__AVAILABLE DATA__
▼

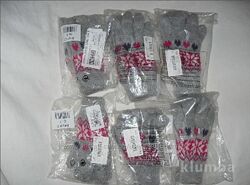 вязанi дитячi рукавички 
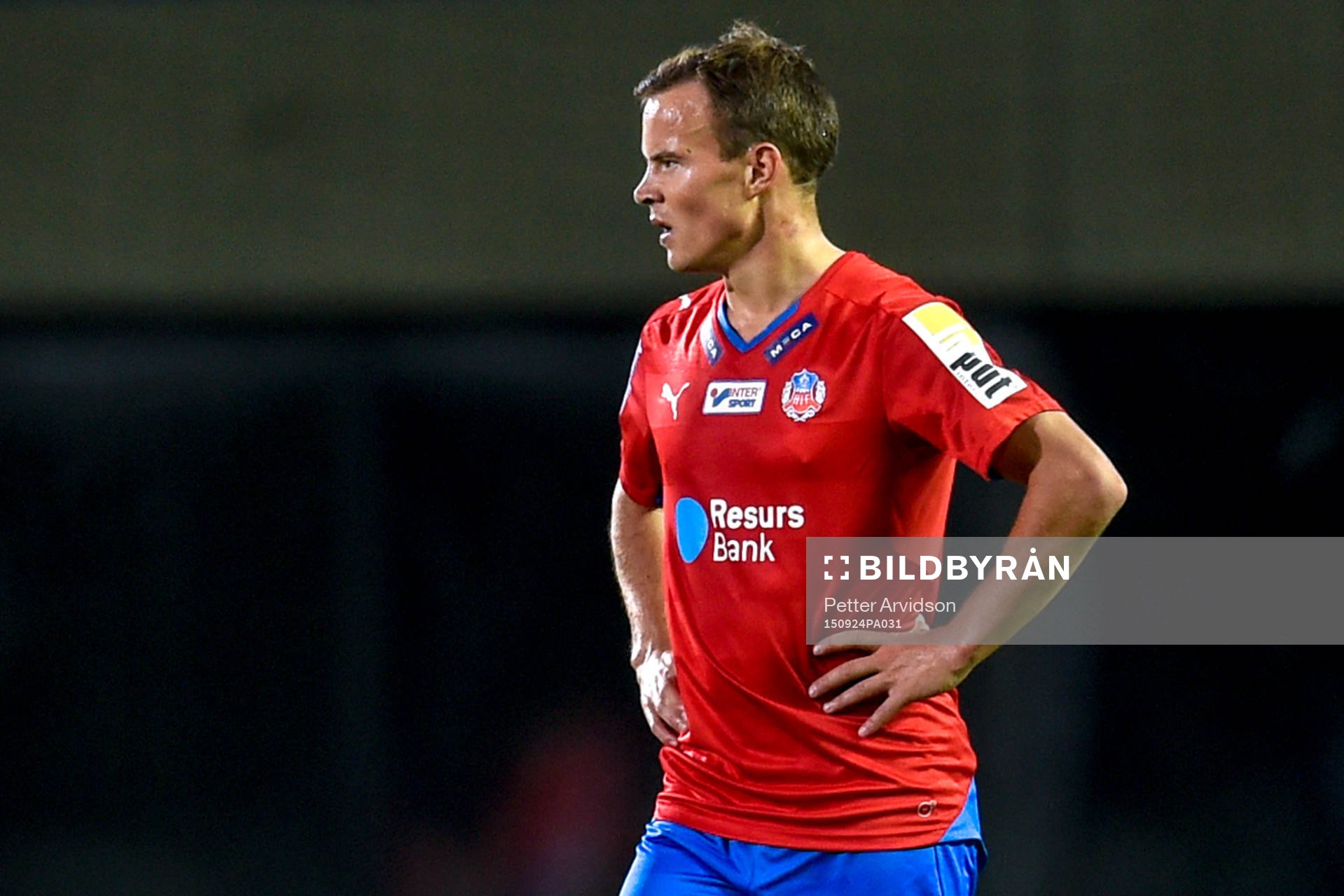 Helsingborgs Anton Wede deppar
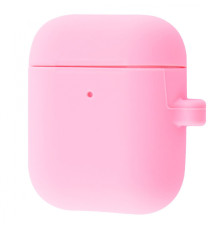 Чохол Silicone Case Slim with Carbine for AirPods 2 pink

▲

__TASK DESCRIPTION__
An exact reproduction of the material is needed, without its images.

__PROBLEM SOLUTION__
 вязанi дитячi рукавички 
 Helsingborgs Anton Wede deppar
 Чохол Silicone Case Slim with Carbine for AirPods 2 pink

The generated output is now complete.